What you return should be only the lines in the entries below between the one holding "Perlmuttknopf Ornament Natur" and the one holding "STEINEL IS 2160", ends included, with every picture left out.

Material provided below:

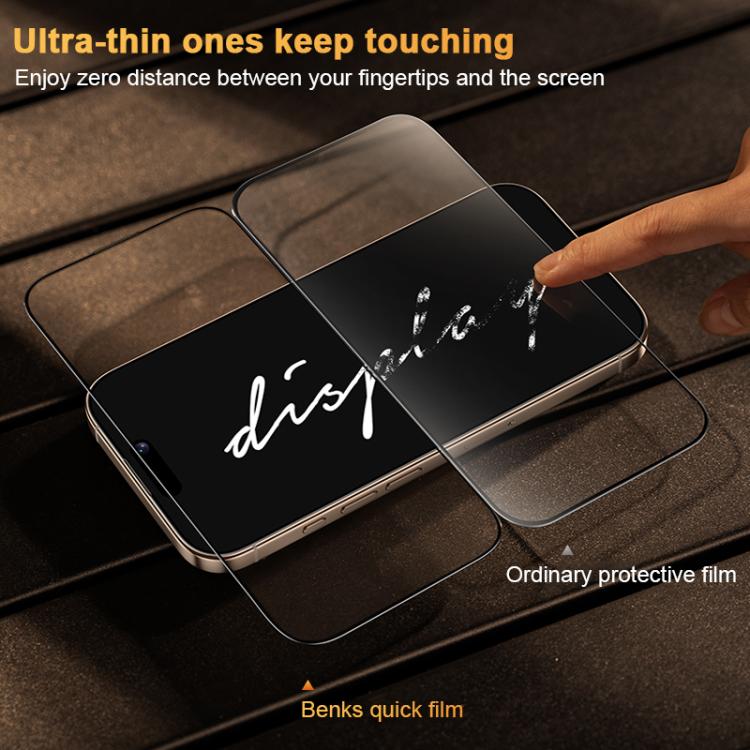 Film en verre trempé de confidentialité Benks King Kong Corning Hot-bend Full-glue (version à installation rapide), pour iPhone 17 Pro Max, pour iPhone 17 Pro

End of Material provided.
Material provided below:

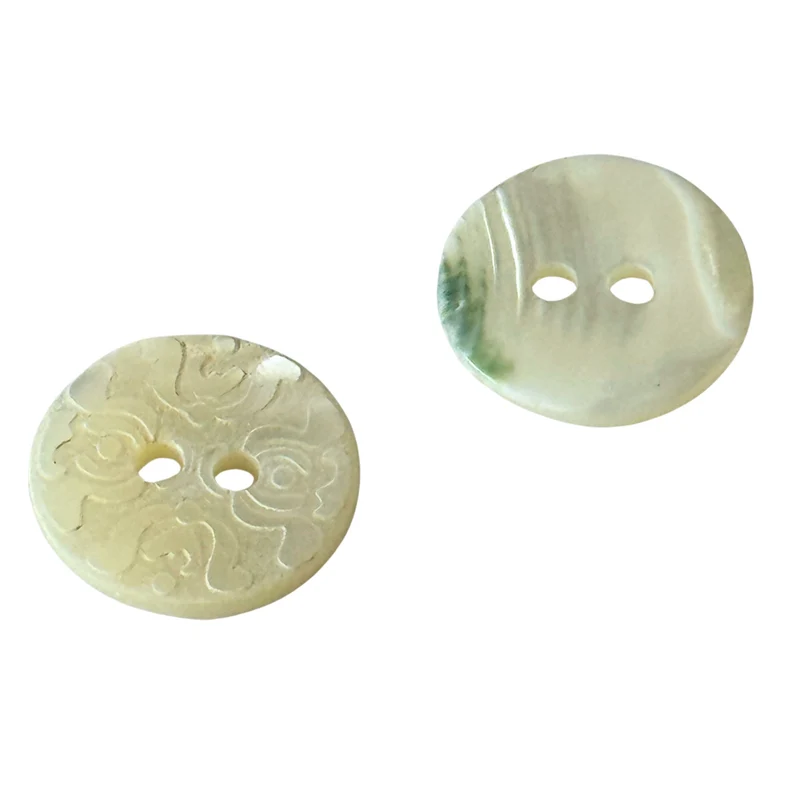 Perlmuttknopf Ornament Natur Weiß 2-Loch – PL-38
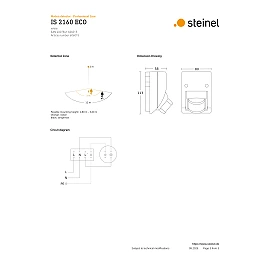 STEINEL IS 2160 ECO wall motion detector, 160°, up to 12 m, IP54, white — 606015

End of Material provided.
Material provided below:

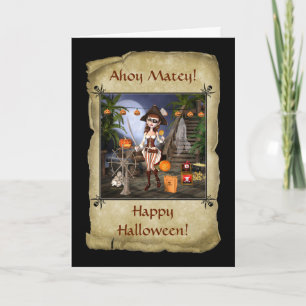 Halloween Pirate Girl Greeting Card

End of Material provided.

▸ **Answer**
 Perlmuttknopf Ornament Natur Weiß 2-Loch – PL-38
 STEINEL IS 2160 ECO wall motion detector, 160°, up to 12 m, IP54, white — 606015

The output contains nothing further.